Task objective :: All lines from the one bearing "Floral Print Men's Button-Down Shirt Navy" through the end of the data below must be printed exactly as they stand, with pictures removed.

##### Material provided

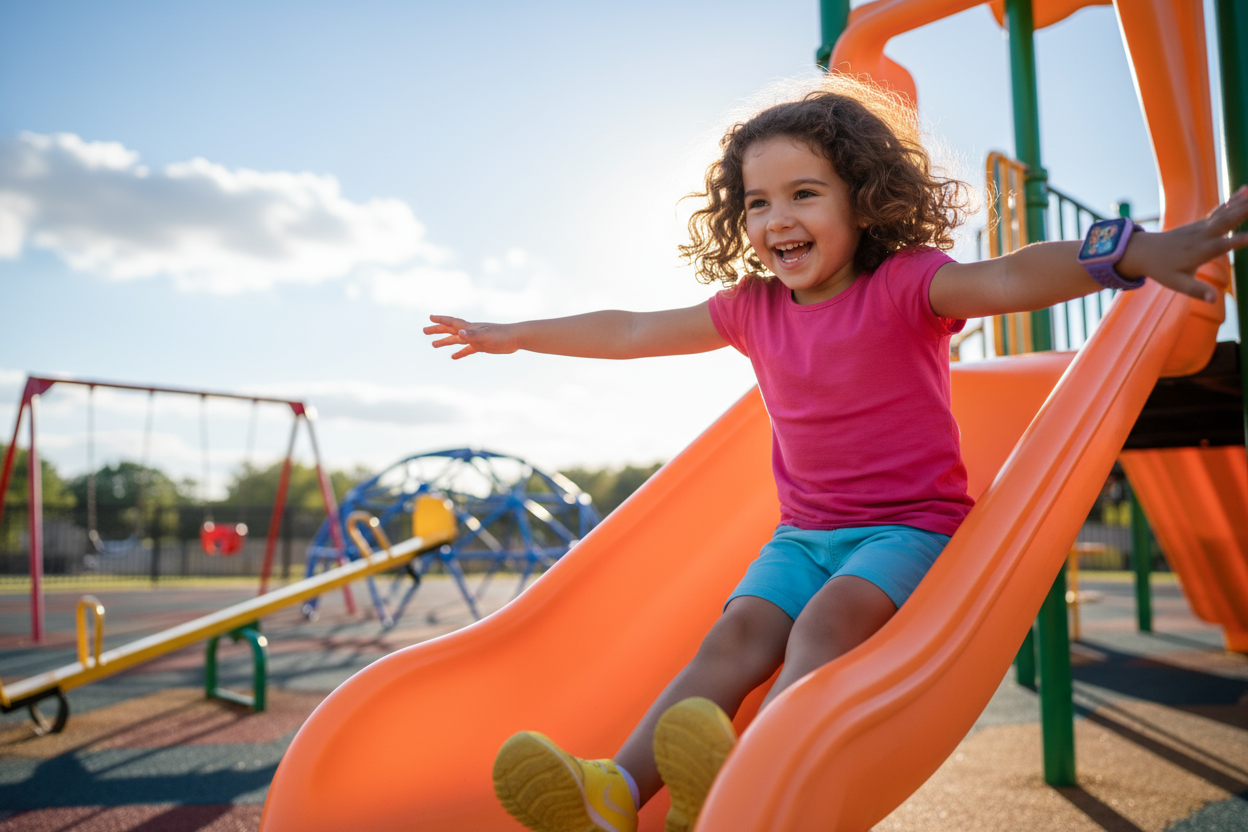En liten söt flicka på ca 5 år som har på sig den här smartwatchen som leker i en lekpark
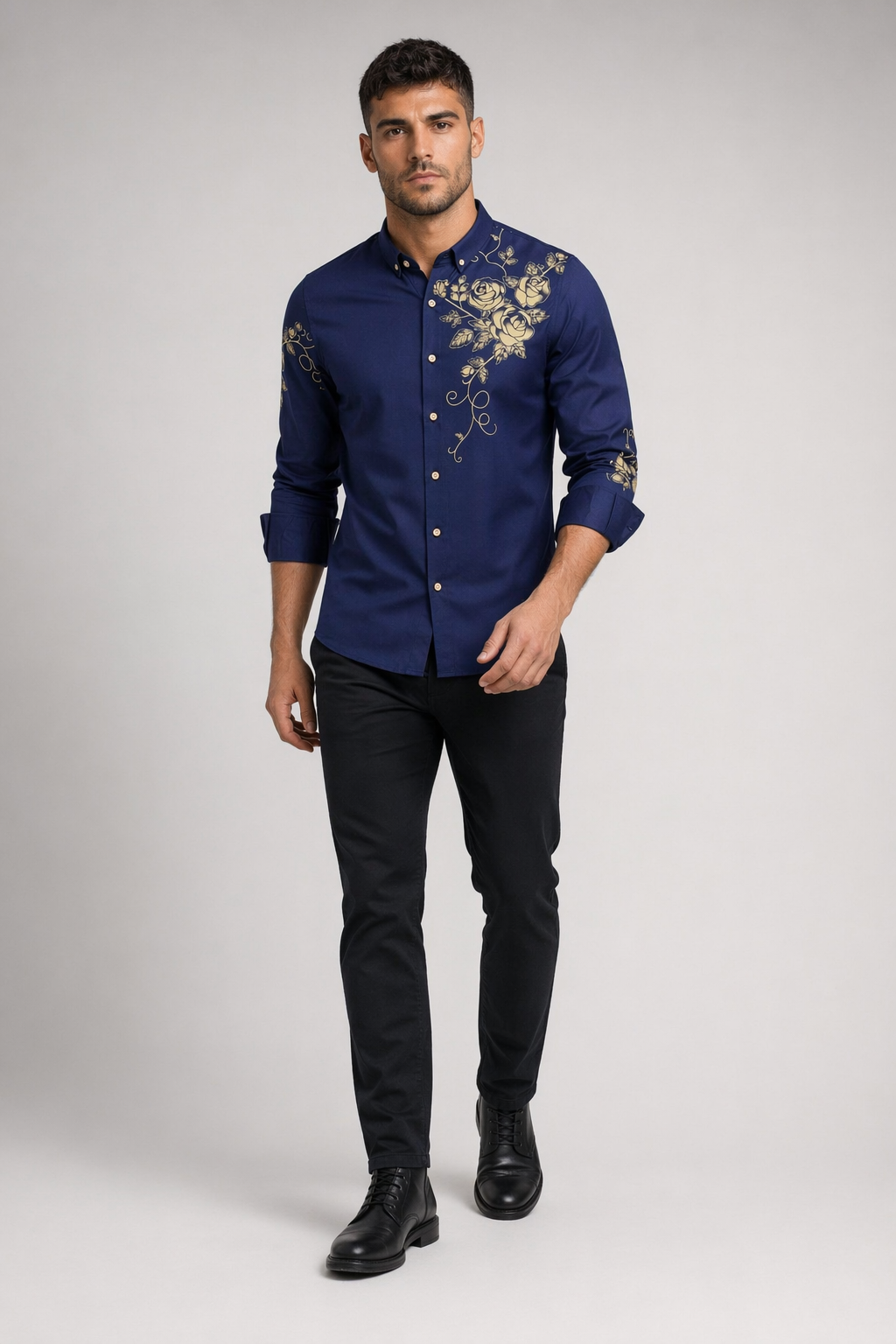 Floral Print Men's Button-Down Shirt Navy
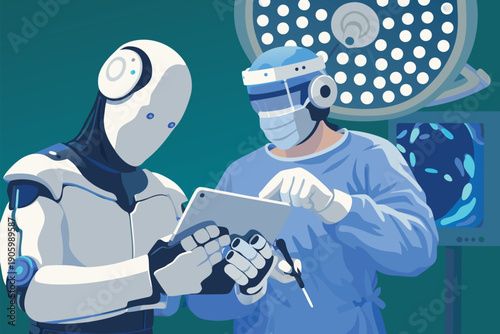 Professional medical team collaborating with a robot in a modern operating room.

##########

Solution to the problem ::
 Floral Print Men's Button-Down Shirt Navy
 Professional medical team collaborating with a robot in a modern operating room.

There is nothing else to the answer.